(RECORD EXTRACTS)

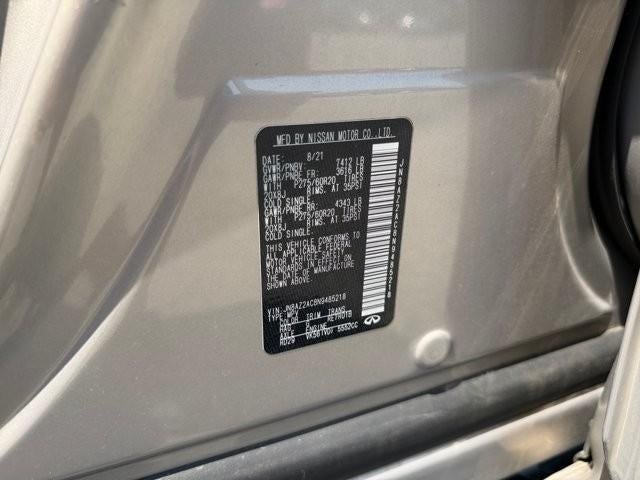 2022 INFINITI QX80 LUXE 4WD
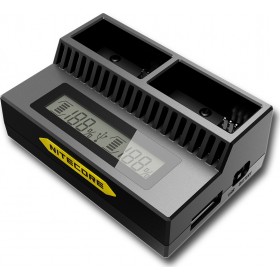 NiteCore UGP3 2-Slot USB Charger for GoPro HERO3/3+ NiteCore UGP3 2-Slot USB Charger for GoPro HERO3/3+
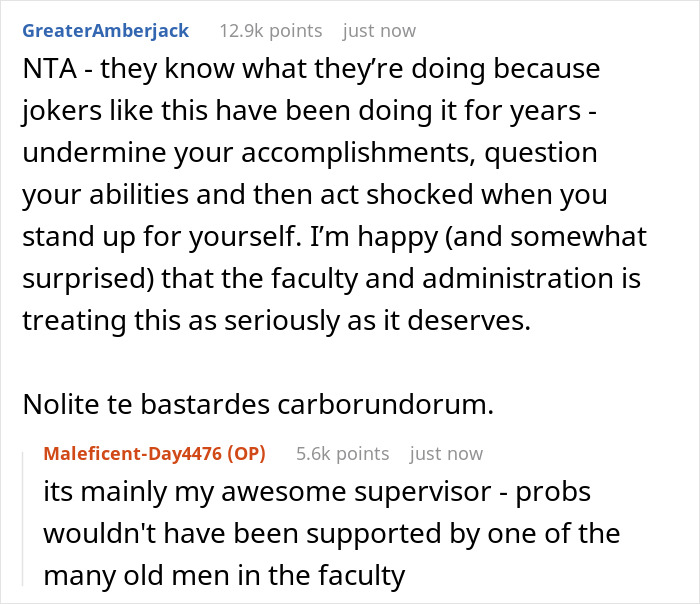 University Student Is Backed Online For Reporting Her Classmates Who Kept Hanging ‘Pretty Privilege’ On Her University Student Is Backed Online For Reporting Her Classmates Who Kept Hanging ‘Pretty Privilege’ On Her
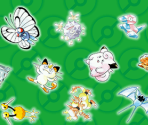 Green Version Theme (JPN) - Nintendo 3DS Themes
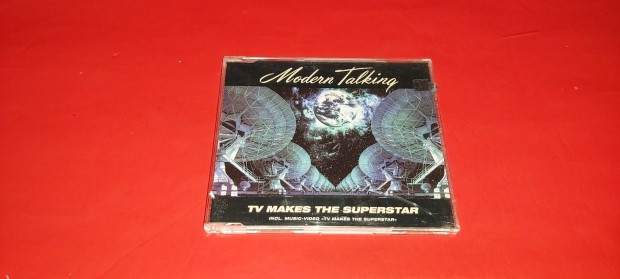 Modern Talking Tv makes the superstar maxi Cd 2003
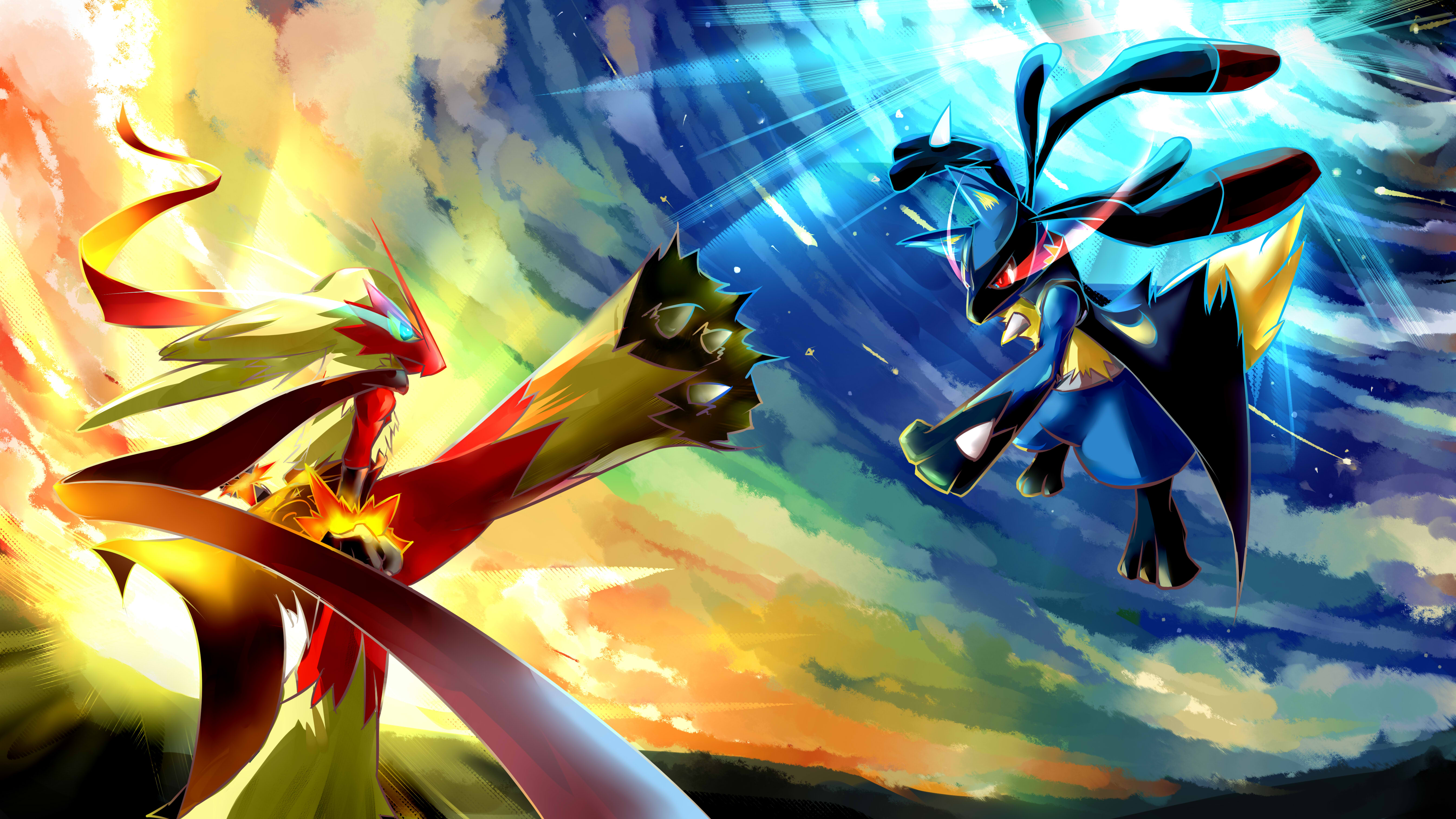 PokeMon Hd Cool Art Wallpapers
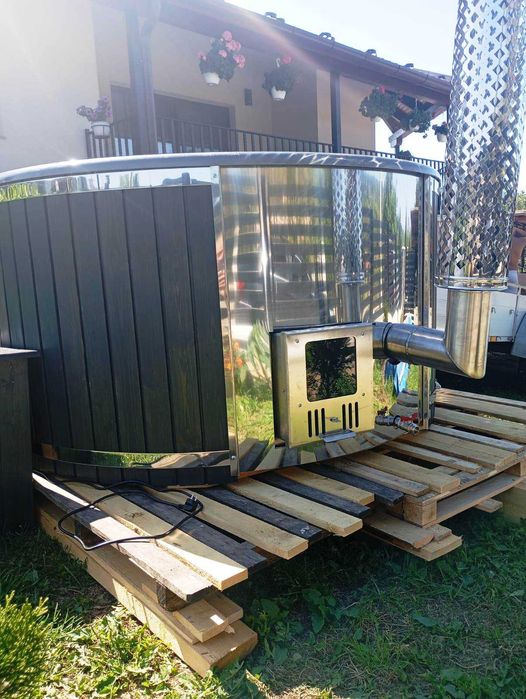 Ciubar din fibra de sticla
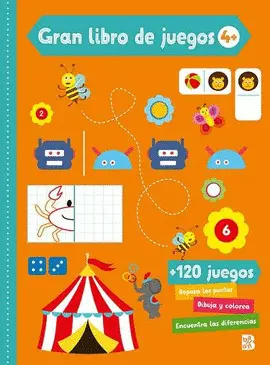 GRAN LIBRO DE JUEGOS +4 GRAN LIBRO DE JUEGOS +4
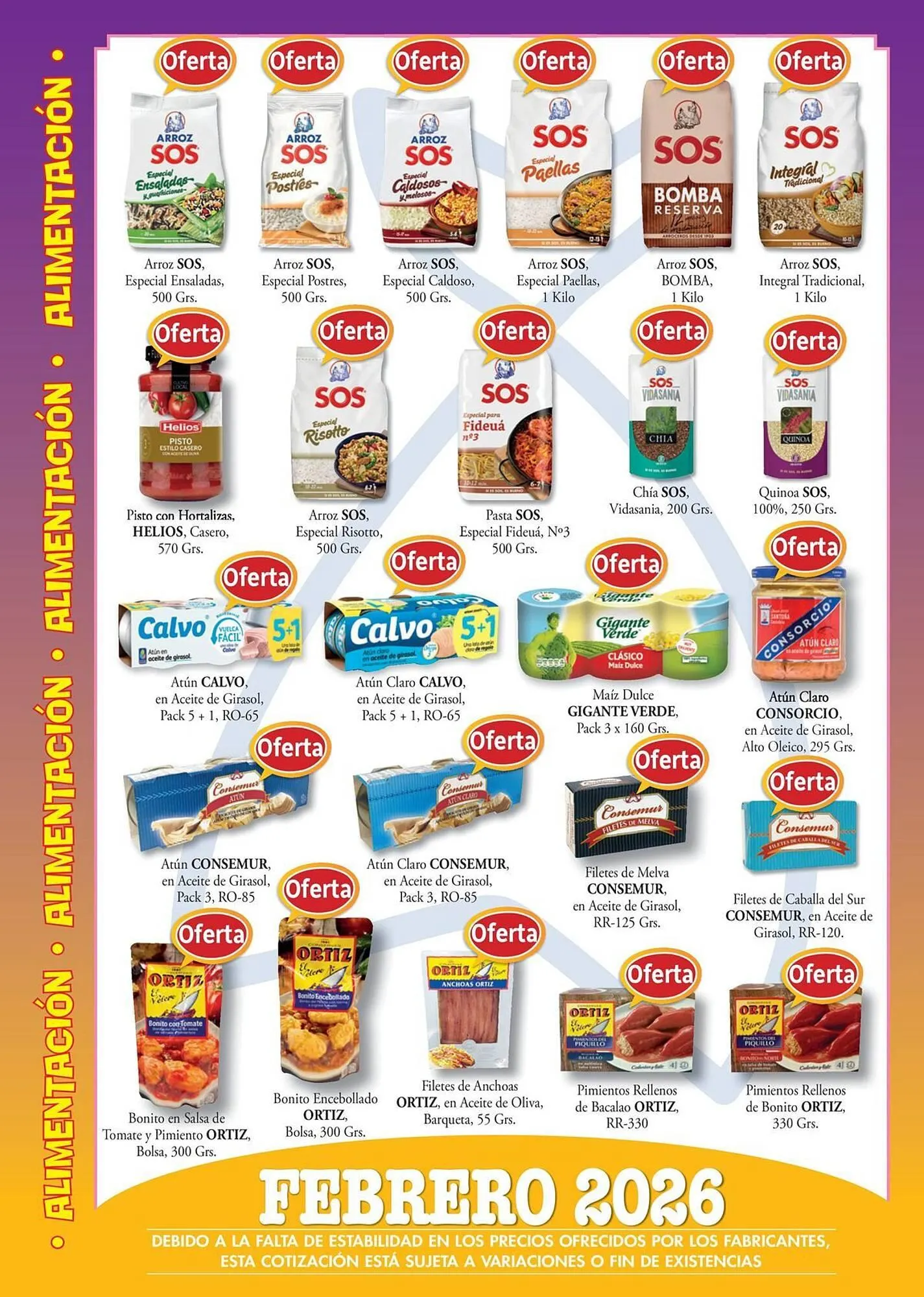 Catálogo Cash Barea - 1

(End RECORD EXTRACTS)

# EXERCISE DIRECTIONS
Above are the records; please give again, exactly and in full, only the lines that run from the line with "On Her University" through the line with "Green Version Theme", with no pictures.

# OUTPUT OF THE EXERCISE
 University Student Is Backed Online For Reporting Her Classmates Who Kept Hanging ‘Pretty Privilege’ On Her University Student Is Backed Online For Reporting Her Classmates Who Kept Hanging ‘Pretty Privilege’ On Her
 Green Version Theme (JPN) - Nintendo 3DS Themes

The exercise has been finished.